Martin Davin

Personal information
- Full name: Martin Davin
- Date of birth: 5 May 1905
- Place of birth: Dumbarton, Scotland
- Date of death: 9 November 1957 (aged 52)
- Place of death: Romford, England
- Height: 5 ft 8+1⁄2 in (1.74 m)
- Position(s): Inside Right

Youth career
- 0000–1925: Old Kilpatrick
- 1925–1926: Vale of Clyde

Senior career*
- Years: Team / Apps / (Gls)
- 1926–1927: Dumbarton / 32 / (6)
- 1927–1930: Bury / 38 / (8)
- 1930: Bolton Wanderers / 3 / (0)
- 1930–1931: Hull City / 8 / (1)
- 1931–1932: Yeovil and Petters United
- 1932–1933: Airdrieonians
- 1933–1934: Clapton Orient / 15 / (2)
- 1934–1935: Ashford

= Martin Davin =

Scottish footballer

Martin Davin (5 May 1905 – 9 November 1957) was a Scottish footballer who played in the Scottish Football League for Dumbarton and Airdrieonians, and in the English Football League for Bury, Bolton Wanderers, Hull City and Clapton Orient.

==Career==
Davin played at Scottish junior league level for Old Kilpatrick of the Scottish Junior League Western Section and then Vale of Clyde of the Glasgow Junior League before, in the summer of 1926 signing with senior level club Dumbarton of the Scottish League Second Division. A year later in August 1927 Davin was transferred to English League First Division club Bury for a £300 fee plus £200 performance related fee. Dumbarton had previously agreed with the Vale of Clyde club to pay them £50 of the transfer fee but this was blocked by the Scottish Football Association which gave rise to legal proceedings, subsequently settled by an agreement.

In Davin's first two seasons with Bury he made 15 appearances scoring four goals; in the third 1929–30 season, following the team's relegation to the Second Division, he played in 23 matches notching four goals. In May 1930 Davin signed for First Division club Bolton Wanderers but three months into the season he was transferred to Third Division North club Hull City where he played for the remainder of the 1930–31 season.

Following the part-season with Hull, Davin signed with Yeovil and Petters United who had just been elected (after a season's absence) back into the Southern League. That season, 1931–32, Yeovil and Petters United were winners of the Southern League Western Division and additionally were runners-up in the supplementary league in which they competed, the Western League. During the summer of 1932 Davin, for whom Hull City had retained his Football League registration, endeavoured to get them to reduce the transfer fee they were asking for him – with partial success. In October 1932, two months after the start of the season Davin moved back to Scotland when he joined Airdrieonians of the Scottish League First Division for the rest of the 1932–33 season.
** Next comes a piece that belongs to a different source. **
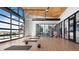 Bright yoga studio with hardwood floors and large windows at 4769 Weitbrec Ln, Castle Rock, CO 80104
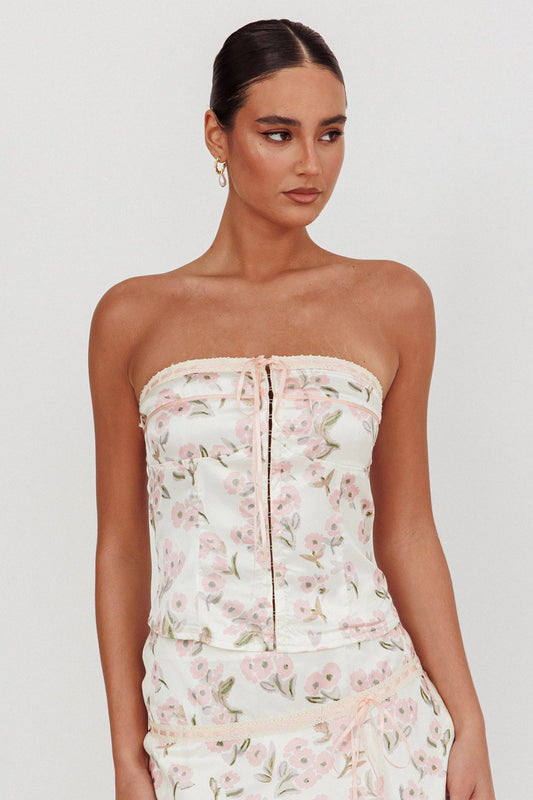 Top senza spalline Tiya con fiocco floreale rosa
Airdrieonians placed Davin on their open-to-transfer list at the end of the campaign and after a single season in Scotland he returned to England and signed with Third Division South team Clapton Orient. He played in 15 matches, scoring twice, for "The Os" during the 1933–34 season following which he played with Clapton's nursery team, Ashford, for the 1934–35 Kent League season.